# Butternut Tree Down



## pbadger (Jul 30, 2012)

We just took down a 200 year old butternut tree in the backyard or our house in Skyler Falls NY, just outside Plattsburgh.

The trunk is on the order of 36" across. Many sections of tree 8 - 20" diameter and 6' long, although the main trunk as been cut into 12" sections.

Looking to sell the wood for reasonable prices to have it hauled away.

Wood carvers and millers take note.

Contact:
Chris
[email protected]


----------



## firemedic (Dec 26, 2010)

I have no personal interest but are you looking to sell it or have it hauled off? Or sell it so that you don't have to haul it off?

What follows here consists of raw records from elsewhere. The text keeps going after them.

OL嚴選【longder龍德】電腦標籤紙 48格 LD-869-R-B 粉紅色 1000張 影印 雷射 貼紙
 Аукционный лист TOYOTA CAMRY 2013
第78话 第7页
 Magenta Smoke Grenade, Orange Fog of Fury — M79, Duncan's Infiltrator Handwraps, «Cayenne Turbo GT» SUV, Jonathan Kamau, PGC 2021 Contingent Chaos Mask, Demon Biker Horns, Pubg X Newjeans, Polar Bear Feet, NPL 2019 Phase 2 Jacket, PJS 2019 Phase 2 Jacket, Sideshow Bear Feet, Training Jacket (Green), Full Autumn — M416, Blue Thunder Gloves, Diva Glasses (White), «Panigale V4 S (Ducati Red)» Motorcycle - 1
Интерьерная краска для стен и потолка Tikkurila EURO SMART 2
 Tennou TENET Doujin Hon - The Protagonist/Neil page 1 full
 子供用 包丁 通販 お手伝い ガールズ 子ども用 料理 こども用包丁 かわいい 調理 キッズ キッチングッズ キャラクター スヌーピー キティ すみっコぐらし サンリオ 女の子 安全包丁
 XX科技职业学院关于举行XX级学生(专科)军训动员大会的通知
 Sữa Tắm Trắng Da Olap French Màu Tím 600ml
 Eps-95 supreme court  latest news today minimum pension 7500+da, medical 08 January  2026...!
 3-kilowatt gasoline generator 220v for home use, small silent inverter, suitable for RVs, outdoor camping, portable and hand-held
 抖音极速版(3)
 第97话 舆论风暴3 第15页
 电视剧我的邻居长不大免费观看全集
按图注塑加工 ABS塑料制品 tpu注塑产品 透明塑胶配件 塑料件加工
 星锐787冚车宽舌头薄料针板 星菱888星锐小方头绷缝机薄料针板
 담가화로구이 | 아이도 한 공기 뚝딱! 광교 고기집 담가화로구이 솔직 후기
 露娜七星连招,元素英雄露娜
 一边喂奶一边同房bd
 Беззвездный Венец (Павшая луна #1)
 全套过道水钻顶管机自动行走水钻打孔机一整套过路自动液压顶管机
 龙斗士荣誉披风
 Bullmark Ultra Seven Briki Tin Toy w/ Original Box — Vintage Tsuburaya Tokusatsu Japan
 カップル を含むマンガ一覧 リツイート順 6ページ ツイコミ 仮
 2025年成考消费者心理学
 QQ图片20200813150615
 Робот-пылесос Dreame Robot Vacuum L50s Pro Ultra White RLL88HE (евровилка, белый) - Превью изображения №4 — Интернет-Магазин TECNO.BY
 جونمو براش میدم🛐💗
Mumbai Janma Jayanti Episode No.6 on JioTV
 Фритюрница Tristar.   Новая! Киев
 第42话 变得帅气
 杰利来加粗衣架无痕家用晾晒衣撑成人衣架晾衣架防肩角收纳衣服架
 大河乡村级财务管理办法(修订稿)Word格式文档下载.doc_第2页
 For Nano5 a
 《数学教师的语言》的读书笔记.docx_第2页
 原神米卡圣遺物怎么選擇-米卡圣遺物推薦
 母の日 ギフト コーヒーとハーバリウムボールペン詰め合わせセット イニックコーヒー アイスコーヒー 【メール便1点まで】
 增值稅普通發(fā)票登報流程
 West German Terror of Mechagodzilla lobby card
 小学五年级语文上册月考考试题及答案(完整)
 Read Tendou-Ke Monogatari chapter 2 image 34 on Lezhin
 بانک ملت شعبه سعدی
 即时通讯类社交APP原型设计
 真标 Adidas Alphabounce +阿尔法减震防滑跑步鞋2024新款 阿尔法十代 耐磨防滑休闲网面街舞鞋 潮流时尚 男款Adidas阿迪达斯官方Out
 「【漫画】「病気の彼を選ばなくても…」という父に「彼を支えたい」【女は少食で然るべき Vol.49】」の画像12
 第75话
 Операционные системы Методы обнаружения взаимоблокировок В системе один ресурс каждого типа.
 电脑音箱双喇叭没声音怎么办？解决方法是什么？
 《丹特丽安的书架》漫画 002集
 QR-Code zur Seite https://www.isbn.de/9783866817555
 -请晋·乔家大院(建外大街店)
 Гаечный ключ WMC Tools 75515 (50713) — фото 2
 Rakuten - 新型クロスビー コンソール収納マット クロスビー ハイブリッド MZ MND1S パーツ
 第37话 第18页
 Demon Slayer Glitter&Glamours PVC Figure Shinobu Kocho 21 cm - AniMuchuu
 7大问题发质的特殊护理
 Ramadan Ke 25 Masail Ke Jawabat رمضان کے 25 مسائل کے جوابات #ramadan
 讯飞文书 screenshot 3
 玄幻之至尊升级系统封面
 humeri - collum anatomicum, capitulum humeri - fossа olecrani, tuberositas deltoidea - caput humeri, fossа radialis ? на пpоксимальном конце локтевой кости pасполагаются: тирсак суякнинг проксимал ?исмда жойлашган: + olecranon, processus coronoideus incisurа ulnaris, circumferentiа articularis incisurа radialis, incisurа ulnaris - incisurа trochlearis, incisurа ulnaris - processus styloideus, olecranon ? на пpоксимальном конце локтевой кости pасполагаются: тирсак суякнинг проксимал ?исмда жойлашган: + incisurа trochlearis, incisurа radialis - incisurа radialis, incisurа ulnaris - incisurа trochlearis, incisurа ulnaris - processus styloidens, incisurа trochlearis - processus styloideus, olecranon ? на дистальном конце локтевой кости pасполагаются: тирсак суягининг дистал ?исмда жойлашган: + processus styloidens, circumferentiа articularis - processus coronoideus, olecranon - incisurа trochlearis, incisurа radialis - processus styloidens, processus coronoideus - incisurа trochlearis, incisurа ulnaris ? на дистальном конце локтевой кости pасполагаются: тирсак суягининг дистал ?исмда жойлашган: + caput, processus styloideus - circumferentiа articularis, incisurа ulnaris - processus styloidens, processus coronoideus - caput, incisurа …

Welcome to the forum, however we have some pretty exacting rules about using the site for personal gain right out of the gate. Always happy to have new members but they are discouraged from using the forum as a craigslist and nothing else. Are you personally a wood worker?


----------



## pbadger (Jul 30, 2012)

*re: Butternut wood*

I am not personally a woodworker but build modernist furniture (based mostly on plywood).

I am actually visiting my brother's house and trying to both help him deal with a large pile of wood and also recycle this wood into something other than firewood.

The price is entirely negotiable but the goal is to get the wood hauled off. The alternative is renting a hydraulic wood splitter and doing lots of work.

The motivation for advertising the wood was to keep this beautiful wood from being used to burn. Butternut seems to be a beautiful wood that is desired by wood turners and wood carvers.

I understand your desire to keep the forum from degenerating into just a sales forum, but I will say that it is slightly ironic that one sees five ads on every post when one browses the forum without logging in.

Paul


----------



## mikeswoods (May 18, 2009)

Welcome----

Just a note----that wood will be nice if cut in the next week or so---otherwise the splitting will render most of it unusable--

As to the paid advertising---that is what allows the site to be free to members----

Good luck with the wood---a FREE HELP YOUR SELF sign will rid you of most of it---

Allowing strangers with chain saws on your property might not be a good idea---cuts and broken bones sometimes happen---


----------